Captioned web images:
---------------

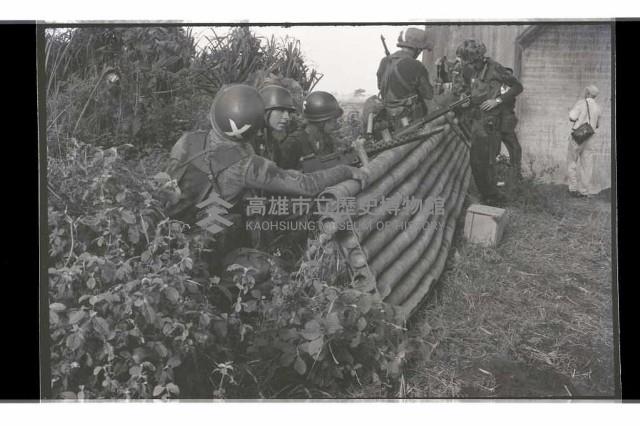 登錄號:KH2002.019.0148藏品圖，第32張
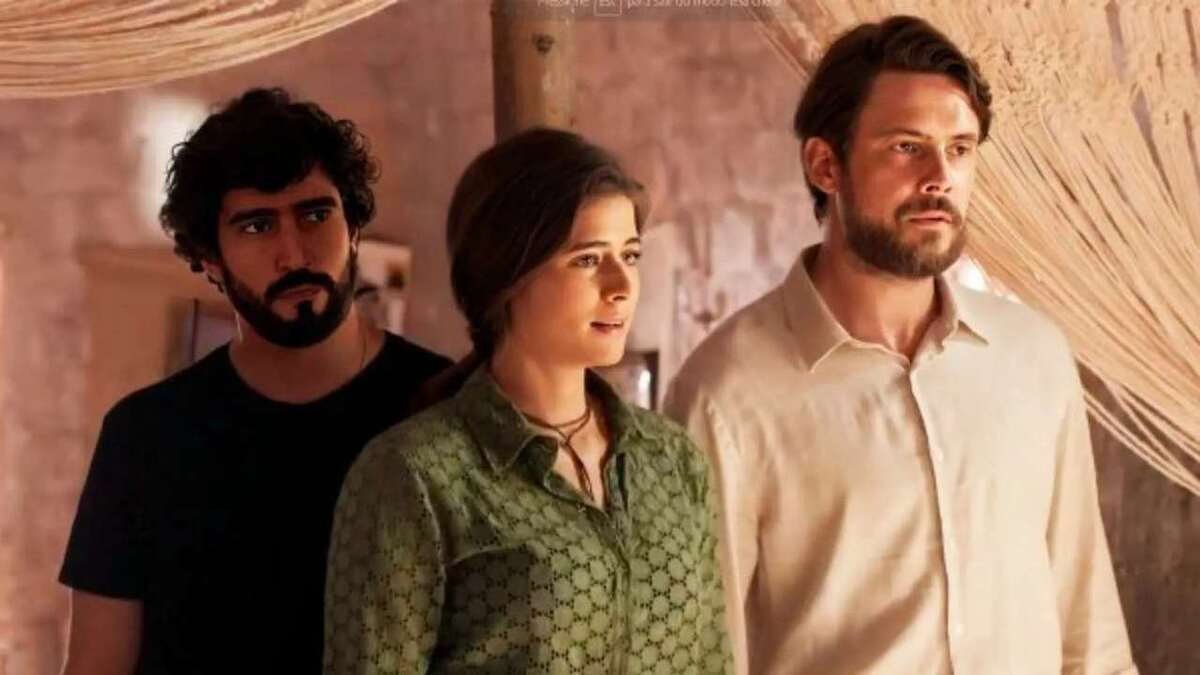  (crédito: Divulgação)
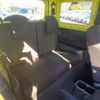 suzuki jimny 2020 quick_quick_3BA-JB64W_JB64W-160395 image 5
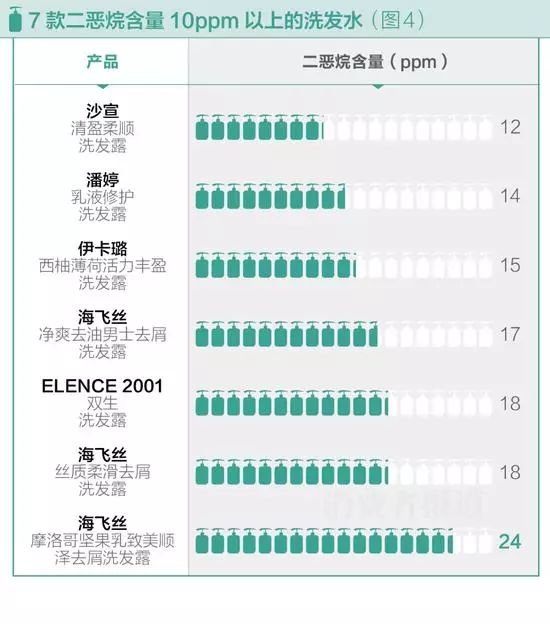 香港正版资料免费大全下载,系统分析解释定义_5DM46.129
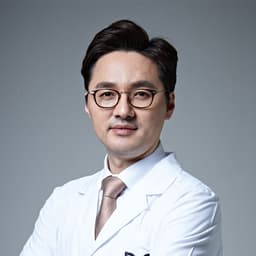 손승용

---------------

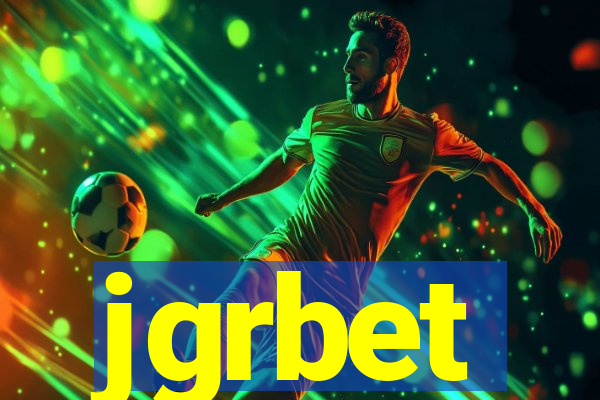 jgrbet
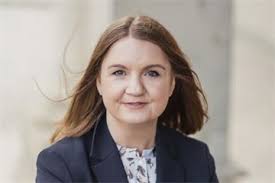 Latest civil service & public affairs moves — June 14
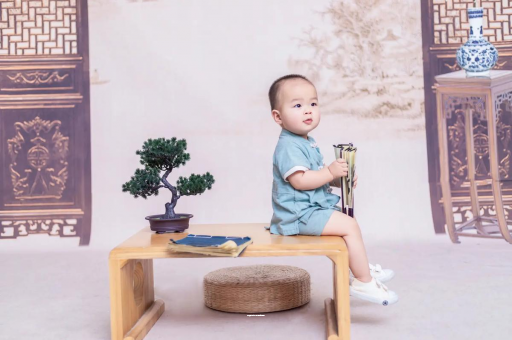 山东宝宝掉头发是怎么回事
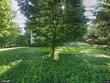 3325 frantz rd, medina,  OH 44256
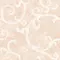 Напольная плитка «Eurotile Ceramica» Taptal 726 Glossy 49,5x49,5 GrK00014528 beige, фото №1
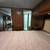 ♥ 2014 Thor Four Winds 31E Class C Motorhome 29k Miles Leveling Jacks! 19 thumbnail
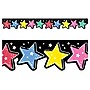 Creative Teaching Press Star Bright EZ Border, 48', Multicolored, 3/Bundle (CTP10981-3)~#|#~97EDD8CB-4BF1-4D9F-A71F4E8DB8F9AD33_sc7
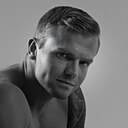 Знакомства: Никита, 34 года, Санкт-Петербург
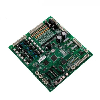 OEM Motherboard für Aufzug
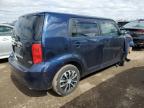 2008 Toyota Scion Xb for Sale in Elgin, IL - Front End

---------------

Would you transcribe the lines above exactly, going from the line bearing "OEM Motherboard für Aufzug" through the line bearing "2008 Toyota Scion", and drop the pictures from the copy?

 OEM Motherboard für Aufzug
 2008 Toyota Scion Xb for Sale in Elgin, IL - Front End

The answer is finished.